== Activity ==
Somewhere below is a line with "TX license plate DZP4529" and, later, a line with "14k White Gold"; repeat those two lines and all the lines between them, exactly as they are.
Record extracts below:
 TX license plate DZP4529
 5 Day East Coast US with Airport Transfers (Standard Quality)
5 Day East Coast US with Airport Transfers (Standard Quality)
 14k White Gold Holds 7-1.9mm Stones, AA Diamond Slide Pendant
End of Record extracts.
Record extracts below:
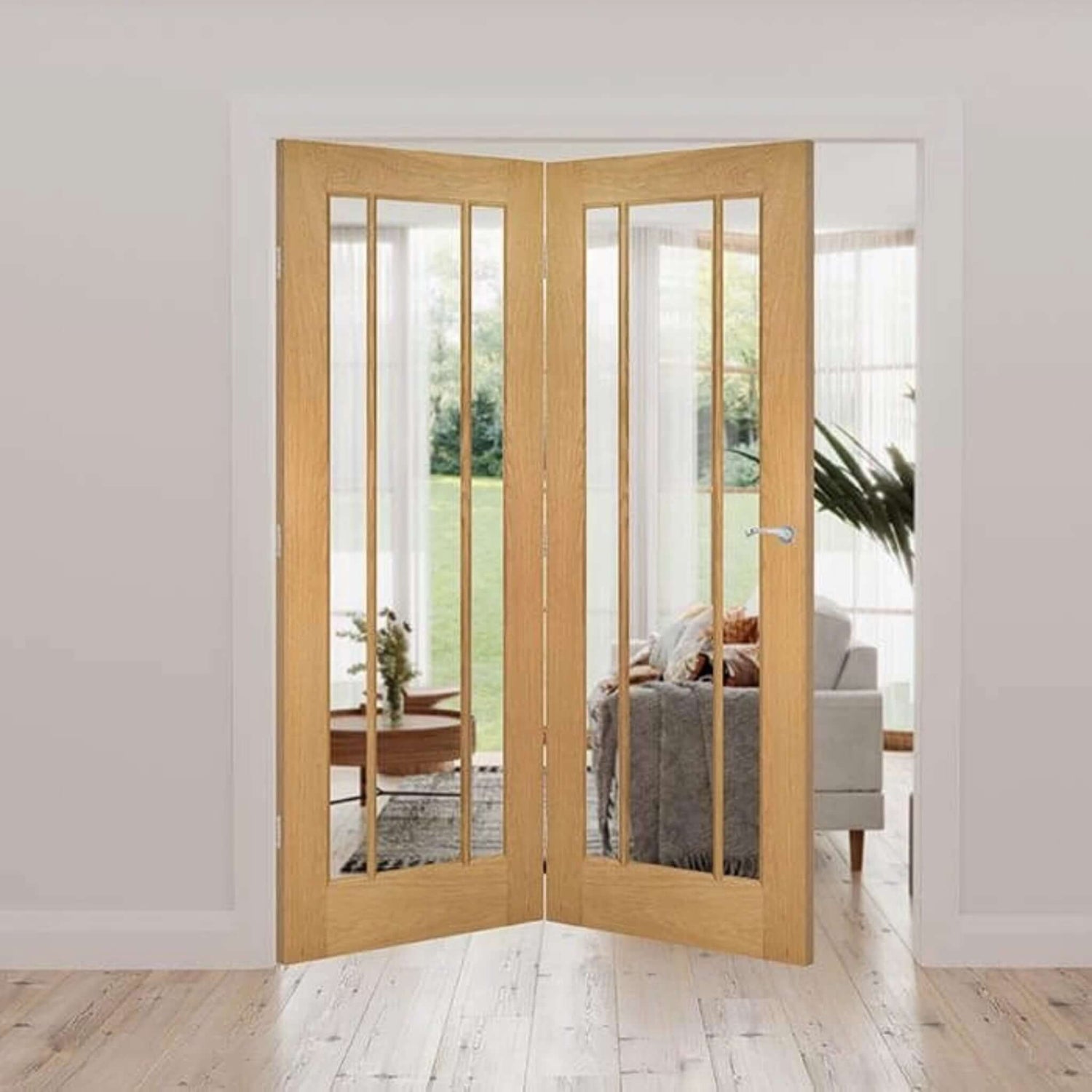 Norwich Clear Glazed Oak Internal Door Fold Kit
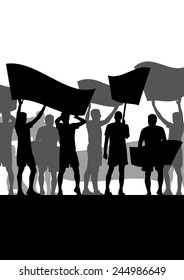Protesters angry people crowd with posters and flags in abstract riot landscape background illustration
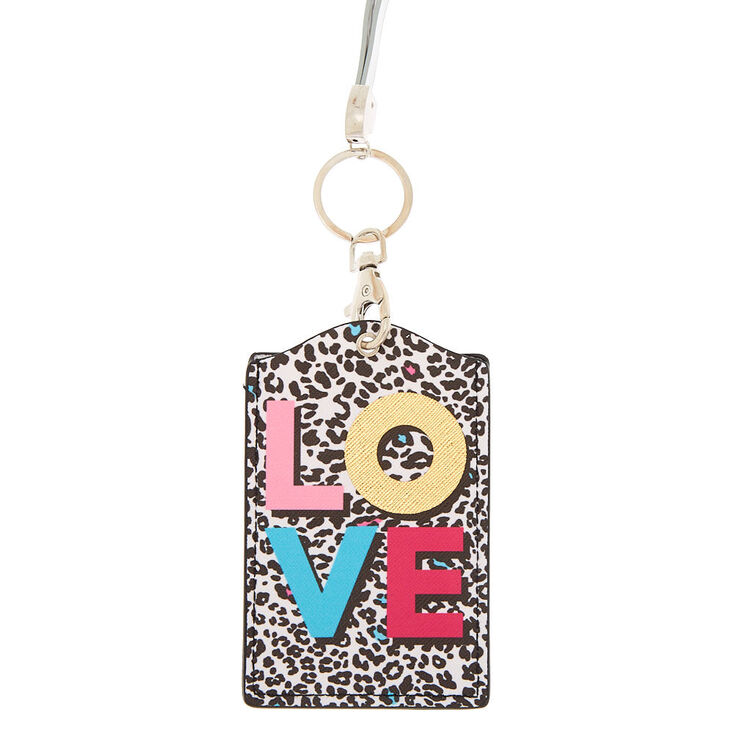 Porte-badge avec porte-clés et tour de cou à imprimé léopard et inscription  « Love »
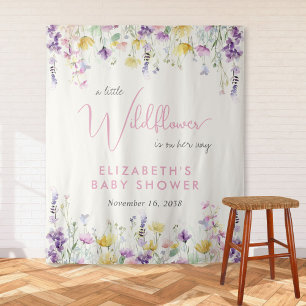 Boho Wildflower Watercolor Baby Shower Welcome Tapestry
End of Record extracts.
== Exercise response ==
 TX license plate DZP4529
 5 Day East Coast US with Airport Transfers (Standard Quality)
5 Day East Coast US with Airport Transfers (Standard Quality)
 14k White Gold Holds 7-1.9mm Stones, AA Diamond Slide Pendant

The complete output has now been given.